The challenge is not to resuscitate people but to improve the quality of organs, for transplants and therefore the quality of survival afterwards. The feat is to have succeeded, one hour after the death of the pigs, in restarting the blood circulation and bringing the cells back to life. Concretely, researchers at Yale University caused a heart attack in animals (obviously anesthetized), the blood no longer circulated, the cells, without oxygen, died. Beforehand, they had taken the blood of the animal which they reoxygenated as is already sometimes done in humans. Except that in addition, and this is the novelty of the system called “OrganEx”, they added a cocktail of 13 drugs (synthetic hemoglobin, anticoagulants and others). When they perfused the animal, the blood began to flow again, waking up many cells including vital organs like the heart, liver and kidneys.
It “lasted” six hours, but what’s amazing is that according to co-author David Andrijevic of this study published in Nature : under the microscope, they now have difficulty in differentiating the normal organ from that treated post-mortem. In other words, they canceled and even reversed the cellular process.

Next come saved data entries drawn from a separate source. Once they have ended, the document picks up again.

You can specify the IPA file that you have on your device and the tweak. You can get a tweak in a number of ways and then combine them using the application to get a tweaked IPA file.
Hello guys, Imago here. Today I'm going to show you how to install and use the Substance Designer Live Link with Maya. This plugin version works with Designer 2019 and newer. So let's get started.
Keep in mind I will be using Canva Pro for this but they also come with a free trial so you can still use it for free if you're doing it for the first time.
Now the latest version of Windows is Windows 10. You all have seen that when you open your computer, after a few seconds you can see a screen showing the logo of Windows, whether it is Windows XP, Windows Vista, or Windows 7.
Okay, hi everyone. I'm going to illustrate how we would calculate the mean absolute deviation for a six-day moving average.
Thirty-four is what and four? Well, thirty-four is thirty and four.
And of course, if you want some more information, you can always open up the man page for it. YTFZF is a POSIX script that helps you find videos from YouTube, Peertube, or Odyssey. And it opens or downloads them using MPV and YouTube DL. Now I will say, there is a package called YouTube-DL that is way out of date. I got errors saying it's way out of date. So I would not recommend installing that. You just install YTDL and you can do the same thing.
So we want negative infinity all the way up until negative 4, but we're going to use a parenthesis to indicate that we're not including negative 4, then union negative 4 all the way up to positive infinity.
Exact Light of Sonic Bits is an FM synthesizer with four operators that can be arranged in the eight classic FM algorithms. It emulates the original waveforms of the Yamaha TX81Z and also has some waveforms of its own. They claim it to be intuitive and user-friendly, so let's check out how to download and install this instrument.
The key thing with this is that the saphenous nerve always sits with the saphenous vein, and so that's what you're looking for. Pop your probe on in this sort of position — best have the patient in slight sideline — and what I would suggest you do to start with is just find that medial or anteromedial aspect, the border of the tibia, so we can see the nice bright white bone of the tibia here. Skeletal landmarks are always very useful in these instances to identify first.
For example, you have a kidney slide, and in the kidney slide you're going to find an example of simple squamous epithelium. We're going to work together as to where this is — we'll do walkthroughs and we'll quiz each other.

There is a lot of hope among resuscitators and transplant specialists and lots of questions. “It confirms that we can improve the quality of grafts to save lives” explains Professor Djillali Annane, the chief resuscitator of the Garches hospital. He recalls that a team of Pasteur in Paris had advanced a few years ago on the awakening of a muscle. But here, the heart and the lungs are what we lack the most for transplants since by definition, there is never a living donor, unlike the liver or the kidney.
This obviously raises ethical questions of two kinds. That, recurrent of the use of the animal in these experiments because the pigs had an unexplained movement of the neck when they were injected with the cocktail. And then existential questions about life and death. In a commentary published in parallel by the journal Naturea great New York bioethicist, Brendan Parent, points out the risk “that the resuscitated people are then unable to come out of a state of life support.”
“Death is now a treatable and reversible biological process hours later.”
Sam Parnia, British bioethicist
Professor Annane (from Garches) believes that the scientific community is divided 50/50. He wants us to continue this work, a burden for society, he says, “to wonder: how far she wants us to go in this resurrection of fabrics.” He recalls that following the much decried cloning of the sheep Dolly, very quickly the whole world had noted that we would not necessarily clone the human being.